Wordsworth believed that poetry "takes its origin from emotion recollected in tranquility"
Thursday, February 28, 2013 was a very interesting day for me. I’ve several websites I check each morning, and The Writer’s Almanac entry set the tone for my day.
The poem for that day, one in free verse, which to me means it doesn’t rhyme and has no meter, was Breakfast, by Joyce Sutphen. An o.k. poem, quite a bit toward the prose side of writing, but evoking a pleasant scene. I thought a bit about it and decided it made for a nice memory.
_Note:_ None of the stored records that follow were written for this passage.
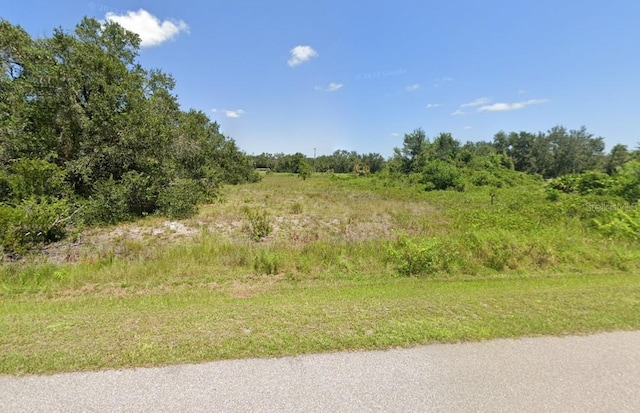 320 Hazel Cir, Punta Gorda FL, 33982 land for sale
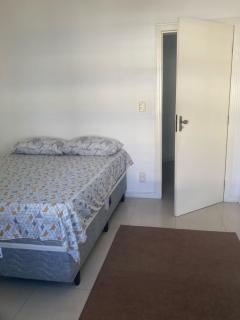 Quarto Essencial com Conforto em casa compartilhada - Palhoça - 0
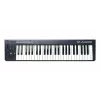MIDI klaviatūra M-AUDIO Keystation 49 MK3 49 taustiņi USB melna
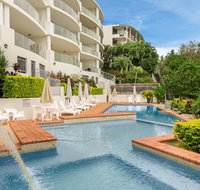 Bellevue At Trinity Beach - Accommodation Main Beach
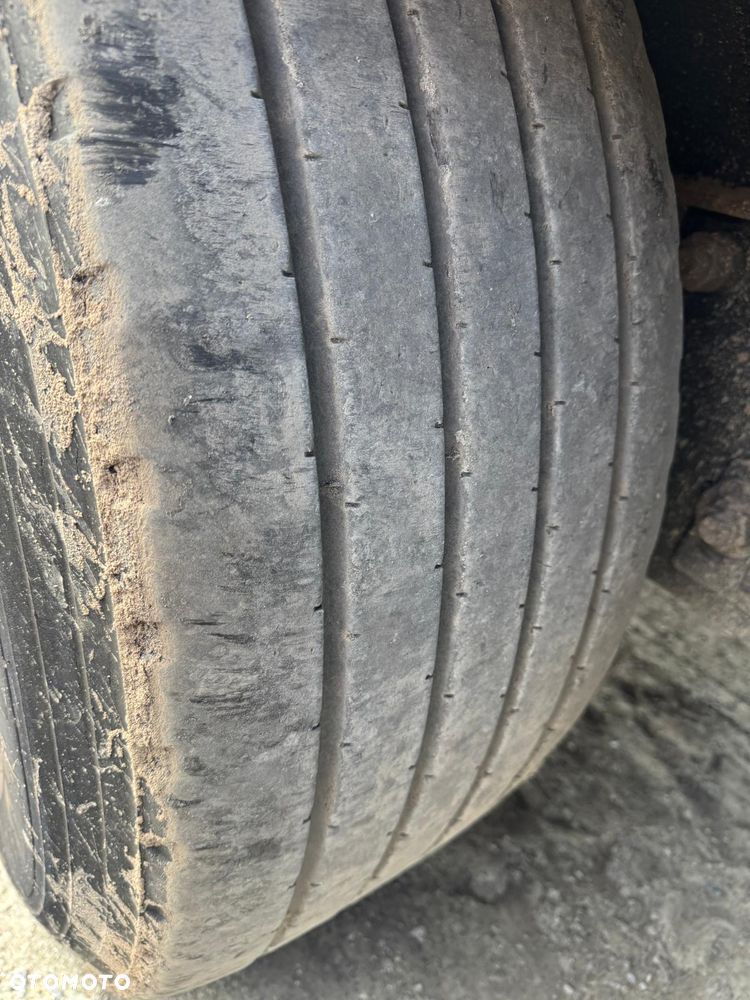 Krone Profi Liner 5 - 16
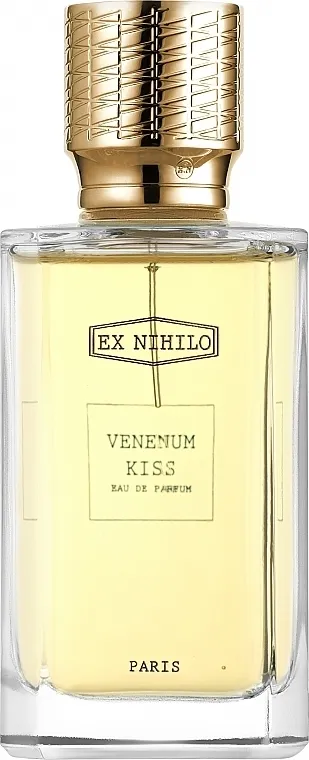Parfemska voda Ex Nihilo Venenum Kiss
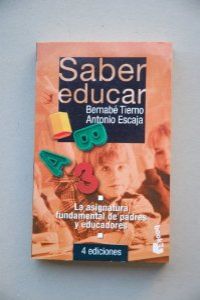 Saber educar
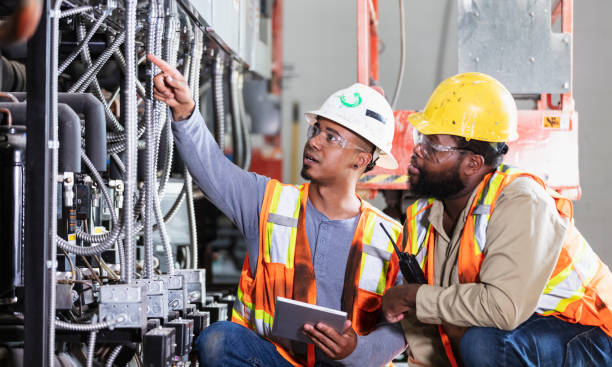 Best Affordable Electrician  in Chelsea, MI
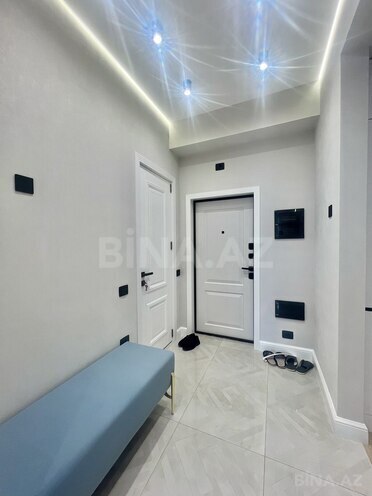 Satılır 2 otaqlı yeni tikili 65 m², Nərimanov r., photo 12 from 14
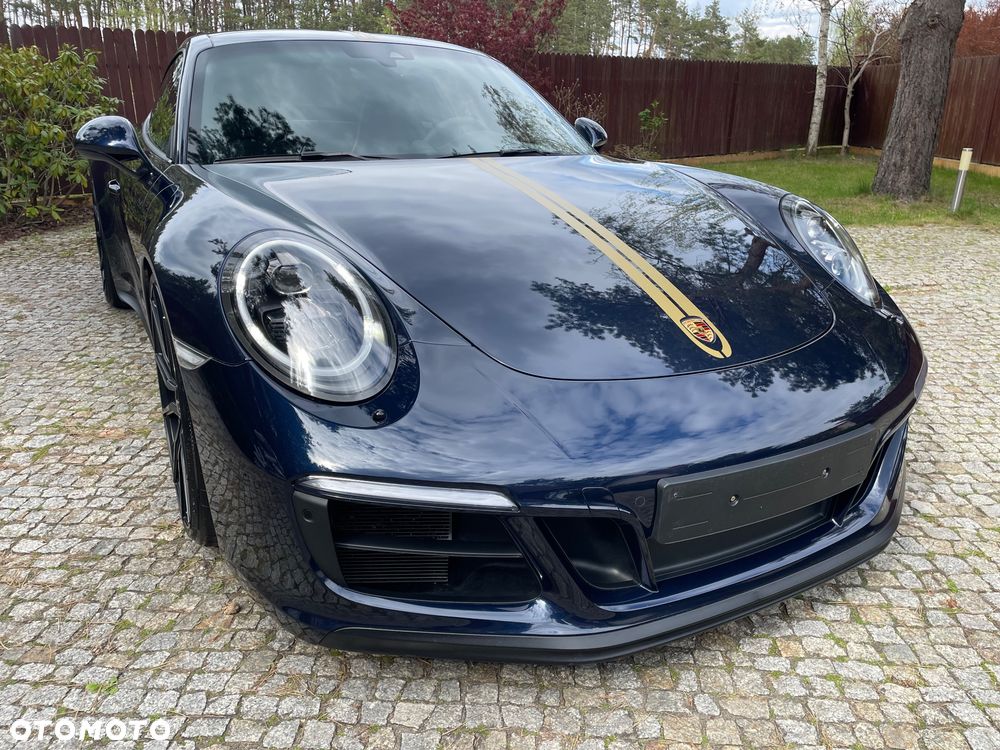 Porsche 911 - 3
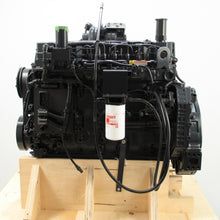 Load image into Gallery viewer, KOMATSU SAA6D107E-2 New [OEM Build] Engine Assembly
The single birthday entry for the day was that of novelist Colum McCann. I’d never come across any of his writings. What struck me was this bit: He has had a happy life, he says, the kind that doesn't make for an interesting story. He said, "For me, the logical conclusion is that I have to write outside my life." All day long that Thursday I thought about how my own happy life was the same – the kind that doesn’t make for interesting writing. Yet in that poem about breakfast with her father, Sutphen took the memory of a brief moment in an ordinary morning from a happy but probably otherwise, for many, uninteresting life, and made a web-worthy poem. Uninteresting lives don’t make for interesting novels, but they’ve got lots of poem potential.
I wish I was a poet. I’ve many interesting bits that might come out well as poetry if I just write them out as a sentence and then rearrange it into a few stanzas. It’s something to think about. Could I do that?
Then – two days later on March 2, came this poem, The Key, by Jane Hirshfield. It too is about a morning, but very different, still free verse, but not just a slice of life. I’m torn as to which of the two I like best. --- I’m still torn, and I’m writing this on March 10th. I’ll post it when I’ve got an opening.